Figures in brackets, unless otherwise stated, refer to the comparison period, i.e. the same period of the previous year. Basware has adopted IFRS 16 'Leases' as of January 1, 2019 with modified retrospective method of application, and accordingly the comparative information has not been restated. IFRS 16 impacts comparability for the following financial information:

  • Depreciation expenses have increased significantly and correspondingly rent expenses decreased significantly. Depreciation expenses for right-of-use-assets totalled EUR 4,704 thousand in 2019. The aforementioned improves reported EBITDA compared to 2018.
  • Balance sheet totals on January 1, 2019 have increased by EUR 17,012 thousand due to recognition of right-of-use-assets and lease liabilities.
  • Principal payments of lease liabilities are separately presented in the cash flow from financing activities and totalled EUR 4,372 thousand in 2019.
  • Interest expenses recognized from lease liabilities totalled EUR 888 thousand in 2019.
  • Notes information in 2019 for commitments and contingent liabilities does not include lease liabilities that are recognized as lease liabilities on the balance sheet.
  • IFRS 16 impacts comparability for key figures that are calculated based on balance sheet totals or interest-bearing liabilities.

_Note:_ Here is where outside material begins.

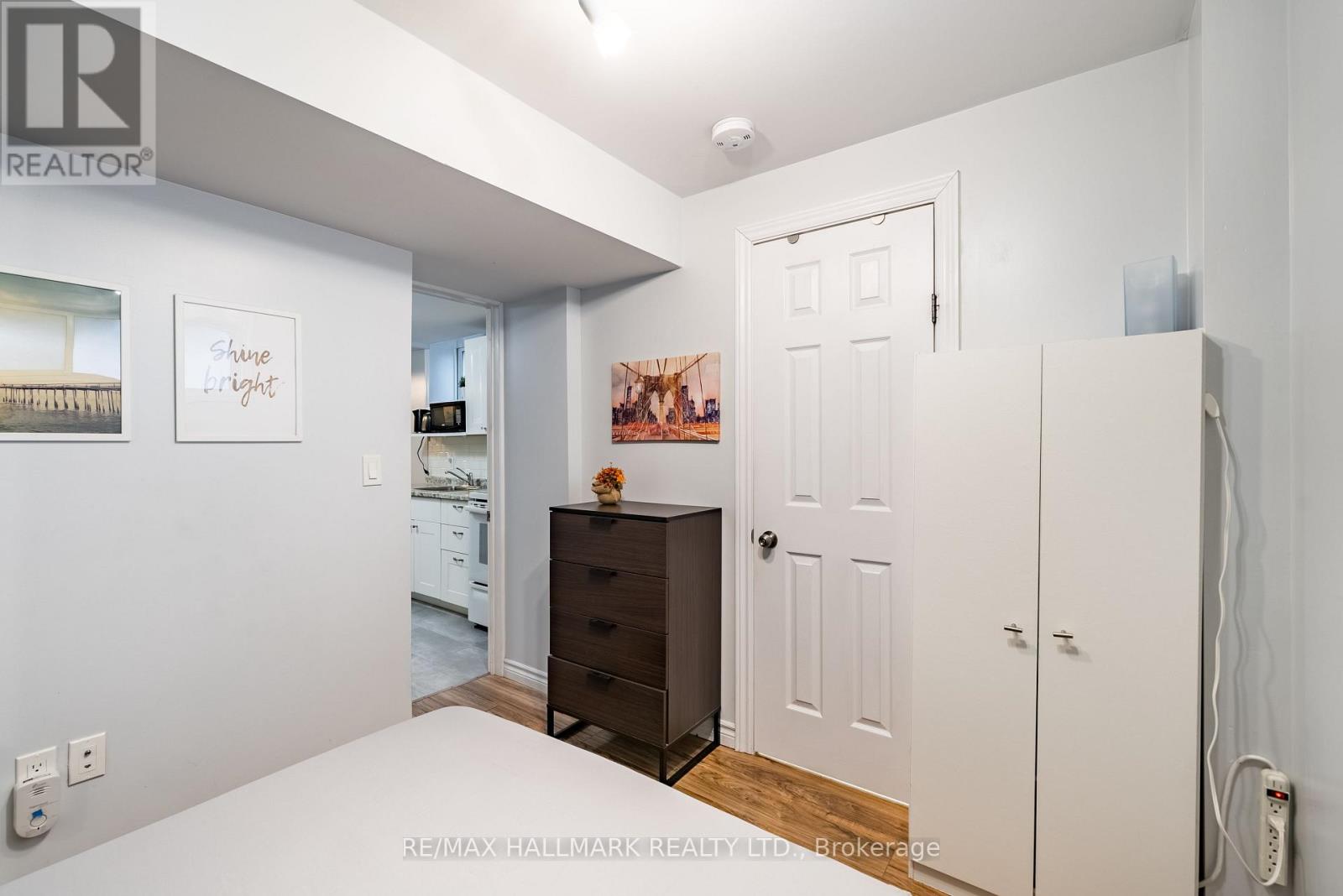 4 - 14 Innes Avenue, Toronto, Ontario  M6E 1M8 - Photo 8 - W12278419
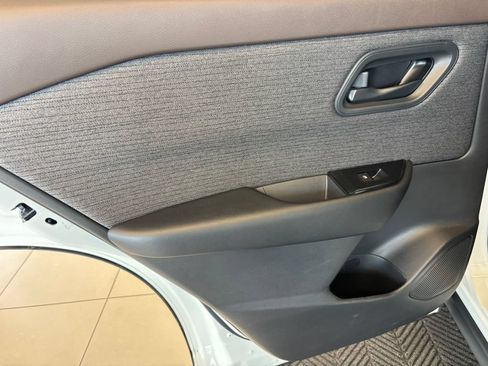 Used 2023 Nissan Rogue S AWD/4WD image 25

In February 2018 Basware completed the divestment of two businesses. As a result, it is important to consider the organic growth rate when comparing 2019 financials with 2018 financials as the divestments decrease revenues and profitability.

Key figures

EUR THOUSAND 2019 2018 Change, %
Net sales 148,302 141,417 4.9
Cloud revenue 101,442 89,482 13.4
Cloud ARR order intake 23,694 21,474 10.3
EBITDA 1,403 9,217 -84.8
Adjusted EBITDA 5,185 -4,364
Operating profit/loss -14,537 -1,471
Adjusted operating profit/loss -10,756 -15,052 28.5
Gearing, %1 48.9 14.9
Cash and cash equivalents1 31,672 40,747 -22.3
Free cash flow metric -23,829 -19,829 -20.2
Earnings per share, diluted, EUR -1.63 -0.49
Adjusted earnings per share, diluted, EUR -1.37 -1.44 -5.0
Personnel1 1,325 1,412 -6.2

1 At the end of the period.

Net sales

NET SALES BY REVENUE TYPE,
EUR THOUSAND 2019 2018 Change, %
Cloud 101,442 89,482 13.4
Consulting 24,962 23,567 5.9
Maintenance, license and other 21,899 28,368 -22.8
Total 148,302 141,417 4.9
NET SALES BY CUSTOMER LOCATION,
EUR THOUSAND 2019 2018 Change, %
Americas 31,796 26,741 18.9
Europe 50,687 47,709 6.2
Nordics 57,441 59,754 -3.9
APAC 8,379 7,214 16.1

Basware's net sales in 2019 amounted to EUR 148,302 thousand (EUR 141,417 thousand), an increase of 4.9 percent. This equated to 5.9 percent organic growth at constant currencies. The difference between the reported and the organic constant currency growth rate arises mainly from the sale of Banking and Financial Performance Solutions in 2018.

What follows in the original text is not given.